--- Source material ---
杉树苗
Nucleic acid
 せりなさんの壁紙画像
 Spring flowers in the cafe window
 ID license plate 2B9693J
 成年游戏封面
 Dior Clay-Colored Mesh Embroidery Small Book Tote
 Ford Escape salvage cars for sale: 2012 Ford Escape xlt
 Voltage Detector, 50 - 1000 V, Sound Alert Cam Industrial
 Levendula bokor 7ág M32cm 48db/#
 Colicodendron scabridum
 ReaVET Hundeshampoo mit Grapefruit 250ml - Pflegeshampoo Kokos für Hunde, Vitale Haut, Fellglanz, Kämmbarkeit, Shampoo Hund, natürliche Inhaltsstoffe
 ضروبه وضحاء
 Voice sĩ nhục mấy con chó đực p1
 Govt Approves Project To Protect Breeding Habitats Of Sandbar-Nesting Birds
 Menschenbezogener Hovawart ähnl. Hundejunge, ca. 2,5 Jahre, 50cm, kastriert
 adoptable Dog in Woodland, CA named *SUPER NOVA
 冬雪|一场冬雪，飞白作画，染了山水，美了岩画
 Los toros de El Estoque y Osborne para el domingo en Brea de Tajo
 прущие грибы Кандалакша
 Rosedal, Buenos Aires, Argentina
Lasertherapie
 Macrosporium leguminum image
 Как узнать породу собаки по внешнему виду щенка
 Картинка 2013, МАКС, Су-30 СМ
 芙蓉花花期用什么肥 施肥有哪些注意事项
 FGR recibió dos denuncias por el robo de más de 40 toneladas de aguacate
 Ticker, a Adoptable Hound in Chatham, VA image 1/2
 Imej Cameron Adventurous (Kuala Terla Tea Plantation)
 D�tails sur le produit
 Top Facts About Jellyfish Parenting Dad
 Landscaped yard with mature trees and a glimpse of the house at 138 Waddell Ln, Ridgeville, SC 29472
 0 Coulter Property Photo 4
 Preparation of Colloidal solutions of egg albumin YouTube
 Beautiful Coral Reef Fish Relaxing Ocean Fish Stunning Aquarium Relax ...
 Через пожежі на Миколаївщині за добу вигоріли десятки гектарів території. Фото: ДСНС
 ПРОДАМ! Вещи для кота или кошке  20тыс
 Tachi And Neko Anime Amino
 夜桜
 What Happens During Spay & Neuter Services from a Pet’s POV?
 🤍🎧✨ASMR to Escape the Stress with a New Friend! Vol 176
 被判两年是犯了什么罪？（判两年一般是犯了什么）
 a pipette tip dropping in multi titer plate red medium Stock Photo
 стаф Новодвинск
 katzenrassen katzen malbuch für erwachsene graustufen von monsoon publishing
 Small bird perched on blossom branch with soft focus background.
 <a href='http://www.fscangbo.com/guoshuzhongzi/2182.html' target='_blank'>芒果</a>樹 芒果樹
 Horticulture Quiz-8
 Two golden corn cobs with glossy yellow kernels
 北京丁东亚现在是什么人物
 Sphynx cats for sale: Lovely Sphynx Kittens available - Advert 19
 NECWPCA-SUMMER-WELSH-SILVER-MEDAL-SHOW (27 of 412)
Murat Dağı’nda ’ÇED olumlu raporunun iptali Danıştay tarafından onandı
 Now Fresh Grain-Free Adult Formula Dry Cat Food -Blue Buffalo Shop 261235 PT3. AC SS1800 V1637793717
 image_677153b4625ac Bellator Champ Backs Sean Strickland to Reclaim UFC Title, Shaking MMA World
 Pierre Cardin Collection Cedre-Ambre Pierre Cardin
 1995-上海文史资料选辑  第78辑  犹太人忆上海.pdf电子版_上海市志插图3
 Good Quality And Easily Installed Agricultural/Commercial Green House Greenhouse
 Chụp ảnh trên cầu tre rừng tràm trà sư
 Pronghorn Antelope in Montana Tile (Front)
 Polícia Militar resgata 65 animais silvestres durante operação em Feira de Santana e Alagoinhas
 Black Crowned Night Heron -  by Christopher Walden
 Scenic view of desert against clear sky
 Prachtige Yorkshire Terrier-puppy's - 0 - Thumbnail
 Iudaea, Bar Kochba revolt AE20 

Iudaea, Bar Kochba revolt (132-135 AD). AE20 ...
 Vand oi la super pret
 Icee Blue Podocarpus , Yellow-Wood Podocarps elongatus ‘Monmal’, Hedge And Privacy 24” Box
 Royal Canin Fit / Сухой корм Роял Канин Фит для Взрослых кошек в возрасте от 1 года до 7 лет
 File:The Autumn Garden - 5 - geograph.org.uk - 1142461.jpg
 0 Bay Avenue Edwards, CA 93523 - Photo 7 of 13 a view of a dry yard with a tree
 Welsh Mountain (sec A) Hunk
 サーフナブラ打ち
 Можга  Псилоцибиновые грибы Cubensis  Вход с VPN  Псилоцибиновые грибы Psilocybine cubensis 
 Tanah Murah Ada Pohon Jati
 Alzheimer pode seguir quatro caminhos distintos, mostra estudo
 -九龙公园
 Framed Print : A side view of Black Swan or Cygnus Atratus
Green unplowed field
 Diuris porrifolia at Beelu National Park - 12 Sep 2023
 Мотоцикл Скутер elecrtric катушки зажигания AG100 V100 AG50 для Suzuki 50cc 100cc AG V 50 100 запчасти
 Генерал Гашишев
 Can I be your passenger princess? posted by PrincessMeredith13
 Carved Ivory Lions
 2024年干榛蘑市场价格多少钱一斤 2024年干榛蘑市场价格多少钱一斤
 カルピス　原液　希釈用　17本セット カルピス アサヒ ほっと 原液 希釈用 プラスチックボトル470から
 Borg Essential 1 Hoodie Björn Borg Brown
---
> **Exercise requirements**
Copy the lines above exactly, beginning at the line that has "0 Bay Avenue" and stopping after the line that has "Tanah Murah Ada Pohon Jati", and omit the rest.

> **Problem solution**
 0 Bay Avenue Edwards, CA 93523 - Photo 7 of 13 a view of a dry yard with a tree
 Welsh Mountain (sec A) Hunk
 サーフナブラ打ち
 Можга  Псилоцибиновые грибы Cubensis  Вход с VPN  Псилоцибиновые грибы Psilocybine cubensis 
 Tanah Murah Ada Pohon Jati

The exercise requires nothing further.